Cette mesure crée ce que les économistes appellent une « barrière non tarifaire » (BNT), particulièrement insidieuse, car elle se présente sous forme de réglementation nationale plutôt que de taxe directe. Les BNT sont souvent plus dommageables à l’intégration économique que les tarifs douaniers, car elles sont plus difficiles à identifier, quantifier et éliminer par la négociation.
Quid de l’impact ?
L’interdiction tanzanienne pourrait avoir un effet dissuasif bien au-delà des secteurs explicitement mentionnés, en créant un climat d’incertitude pour les investisseurs régionaux quant à la stabilité du cadre réglementaire en Tanzanie. L’analyse économique de cette mesure révèle une tension fondamentale entre des bénéfices économiques potentiels à court terme pour la Tanzanie et des coûts probablement plus importants à moyen et long termes tant pour le pays que pour la région.
Au niveau national, quel est le gain pour la Tanzanie ?

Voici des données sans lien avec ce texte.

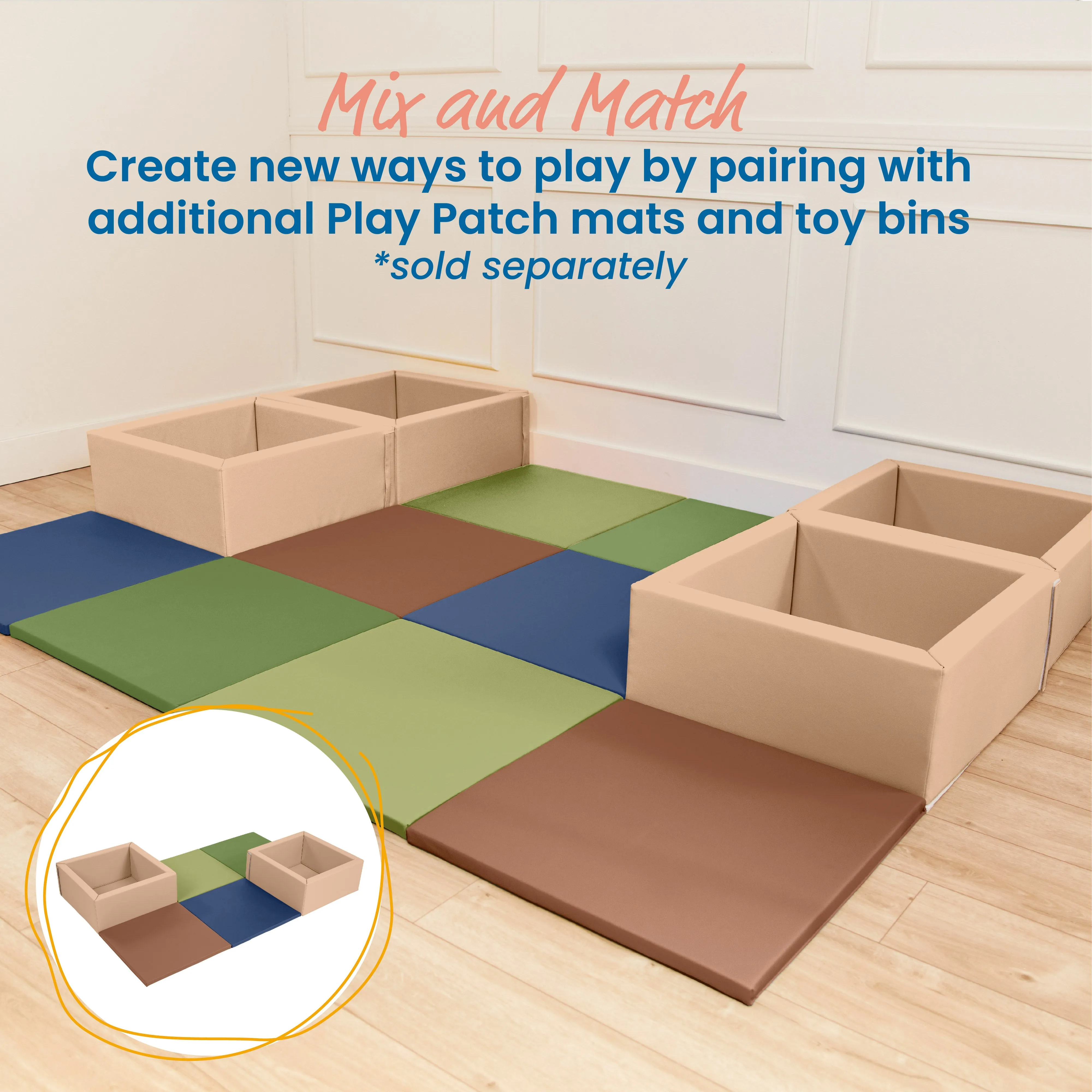 Play Patch Activity Mat Squares, Modular Playmat, 4-Pack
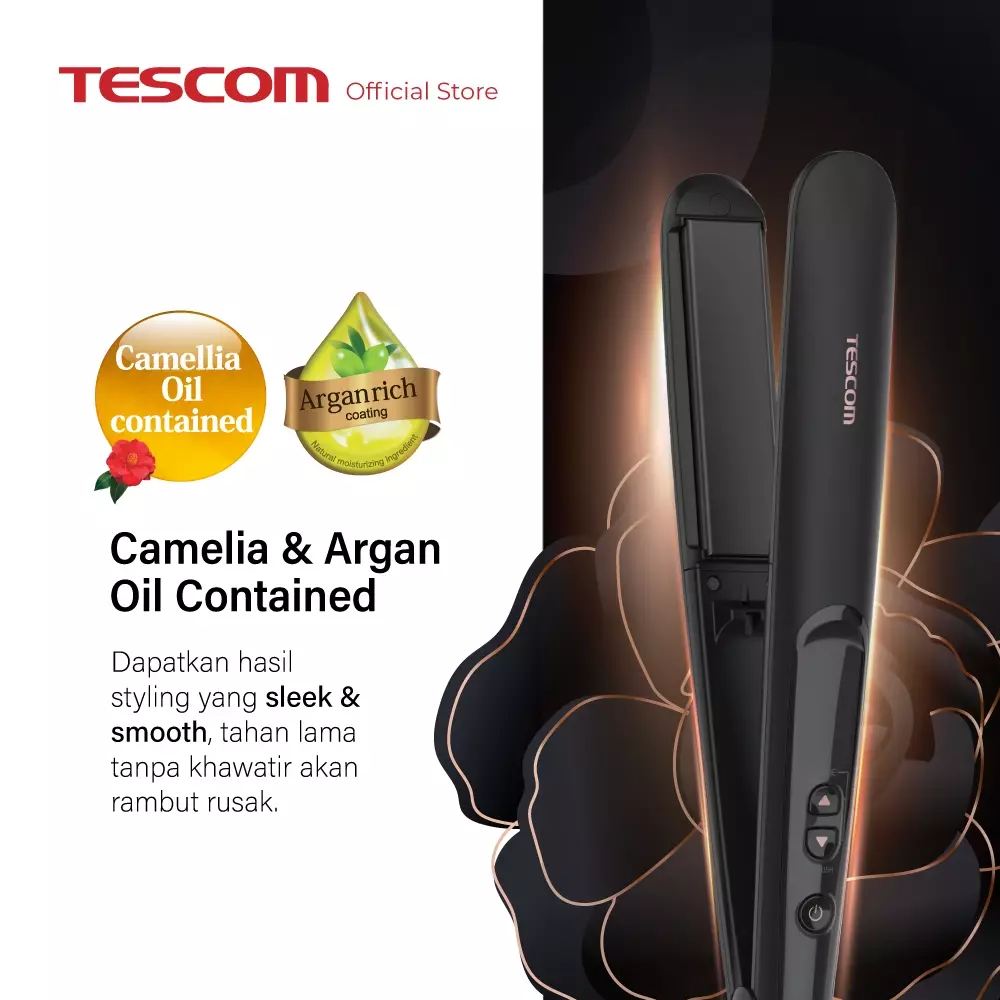 Tescom Gloss Pro Argan Straightener / Catokan Pelurus Rambut TS550ID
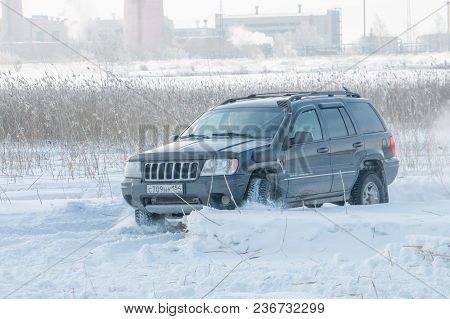 Off-road On A Snowy Road Siberian Championship Off-road Sports Cars In Omsk 2018 Year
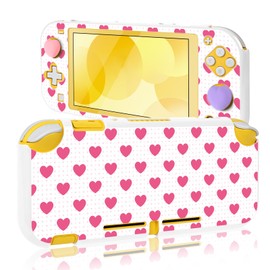 DLseego Protective Case Controller for Switch Lite Console 2019, Anti-Slip Shock-Absorption Protective Hard PC Case with 2 PCS Thumb Grips Caps for Joycon Controllers Lovely Love - White Pink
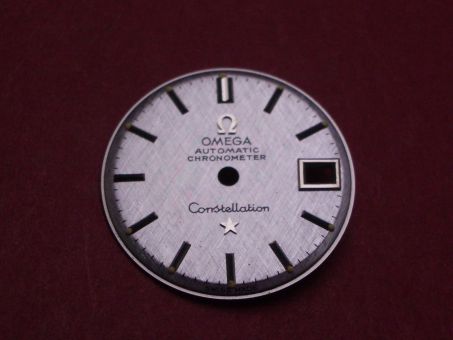 Omega Zifferblatt, Ø 18,5mm, silber mit silberfarbenen Inlays, für Automatic Chronometer Constellation 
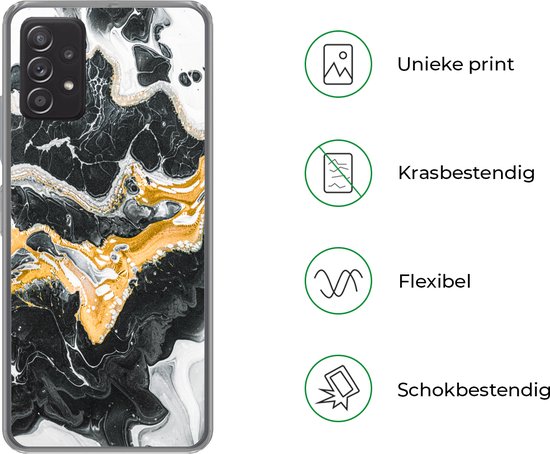 Coque Samsung Galaxy A33 5G - Imprimé Marbre - Zwart - Or - Coque en Siliconen -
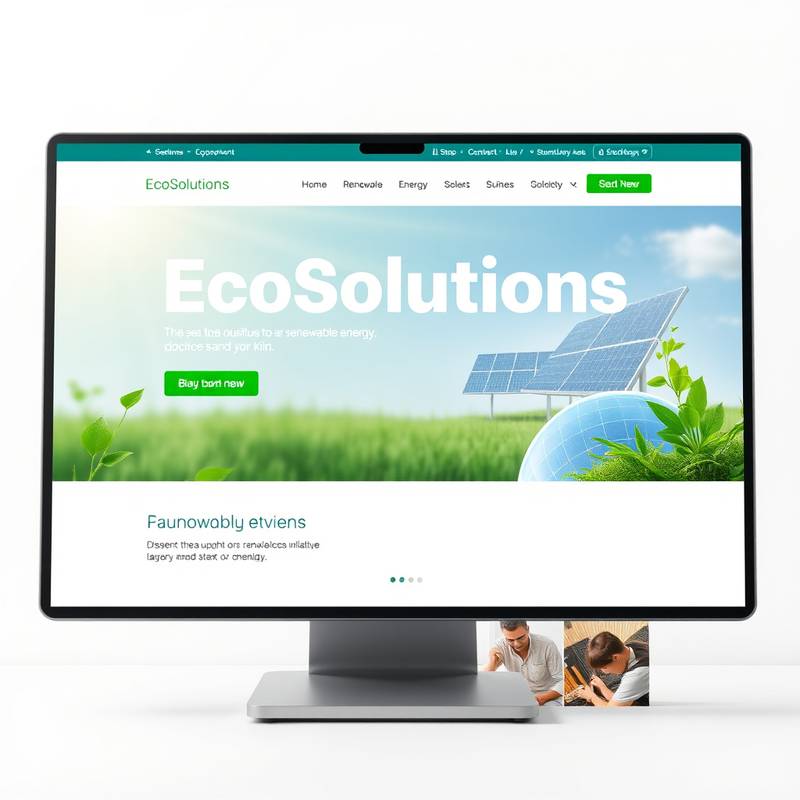 Screenshot of the EcoSolutions website homepage, displaying a clean and modern design with a focus on renewable energy solutions.
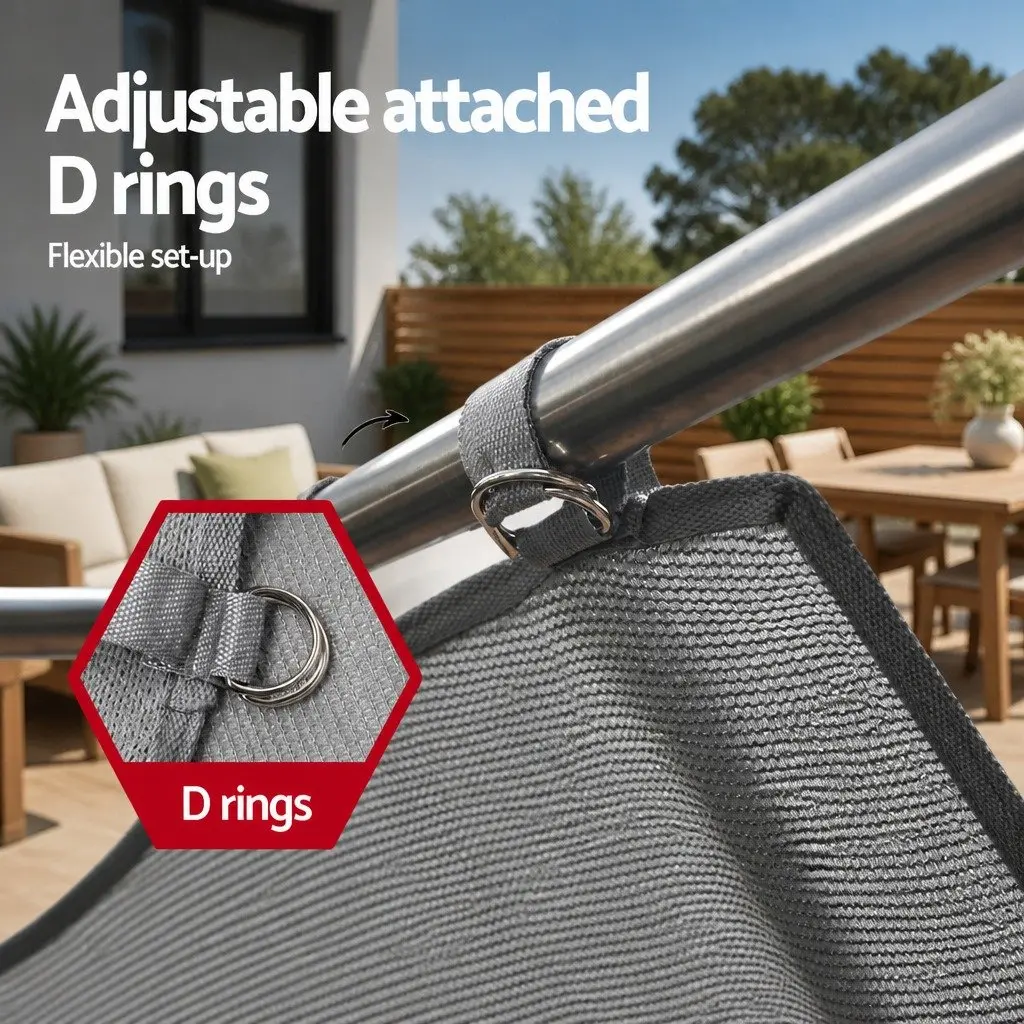 Caravan Privacy Screen UV Protected 3.7 x 1.95M Grey Polyethylene Sun Shade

Le gouvernement tanzanien espère que cette mesure permettra de réserver aux citoyens des secteurs économiques considérés comme à faible barrière à l’entrée créant ainsi des opportunités d’emploi et de revenus pour les populations locales. Certains commentateurs sur les réseaux sociaux ont soutenu cette vision protectionniste arguant que « les nationaux ont souvent tout à leur portée et quand les étrangers savent mieux en exploiter au lieu d’apprendre sur eux on va se mettre à dépouiller leurs biens ». Cette perspective repose sur l’hypothèse que les entrepreneurs étrangers, souvent perçus comme mieux capitalisés ou plus expérimentés, évinçaient les acteurs locaux du marché.
Est-ce faux ?
Cette vision néglige plusieurs réalités économiques. Premièrement, comme le note un commentaire pertinent : « ce sont souvent des étrangers qui créent des emplois et proposent la meilleure marchandise pour le meilleur prix et leur départ marque une chute du niveau de vie des locaux ». Les petites entreprises étrangères emploient fréquemment une main-d’œuvre locale et introduisent des compétences, des technologies et des pratiques commerciales qui élèvent la productivité globale du secteur.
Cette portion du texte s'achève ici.